Los cisnes de Farage
Esta semana Nigel Farage, el líder del partido de extrema derecha Reform, dijo “creer” que inmigrantes de Europa del Este se comen los cisnes de los parques de Londres. Es un bulo del que se pueden encontrar rastros en el tabloide The Sun en 2003. La institución que gestiona los parques de la Corona a los que se refirió Farage salió el miércoles a desmentir lo que acababa de soltar en la radio a la ligera el diputado.
Un portavoz dijo que no hay “ningún incidente” de personas “que hayan matado o se hayan comido cisnes” y que su personal trabaja con el santuario de cisnes de la ciudad para “asegurar el bienestar de los cisnes en todos los parques”.
Este es el mundo de 2025, pero también era el mundo de hace dos décadas, con los bulos xenófobos en el caso del Reino Unido alimentados por los medios impresos a los que no les hacían falta las redes sociales para inventar y esparcir. Pero el alcance era menor y el coste de mentir tan descaradamente, tal vez mayor.
Cuando Farage habló de cisnes esta semana estaba, en realidad, intentando defender otra falsedad desmentida una y otra vez repetida por Donald Trump y su actual vicepresidente en campaña. La mentira sobre inmigrantes que se comían los perros y los gatos de los vecinos costó acoso y violencia en Springfield, Ohio, hasta el punto de que el gobernador, un republicano, intervino para pedirle a su candidato que dejara de esparcir bulos absurdos y peligrosos.
Farage tampoco quiso cuestionar la afirmación sin pruebas de que el paracetamol es perjudicial para las embarazadas a pesar de que la agencia de medicamentos del Reino Unido salió de inmediato a “confirmar” que el medicamento es “seguro” y “no hay evidencias de que cause autismo en los niños”.

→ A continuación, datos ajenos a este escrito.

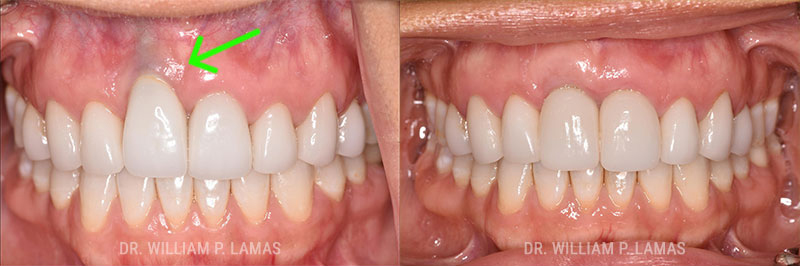 Dental Implants Before & After Photo - William P. Lamas, DMD - Periodontics & Dental Implants.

El precio de la mentira, irresponsable, peligrosa, está cada vez más bajo hasta en un país que tiene un código de conducta en el Parlamento por el que no decir la verdad puede costar el puesto. Pero eso es en la Cámara de los Comunes. El mundo es mucho más grande y cada vez más permisivo con cualquiera con poder que diga cualquier cosa, verdad o mentira, ofensiva o no, sin que haya consecuencias. Es uno de los descubrimientos de esta década para muchos políticos, que ni siquiera tienen que molestarse en disimular sus mentiras o disfrazarlas con la más sutil manipulación.
Los británicos que siguen apoyando al hombre que arrastró su país a la ruina con el Brexit, o se creen sus mentiras o aceptan que la verdad es sólo un juego. Uno que puede salir muy caro en una ola que está desestabilizando a las democracias con mucho ruido y poca alarma.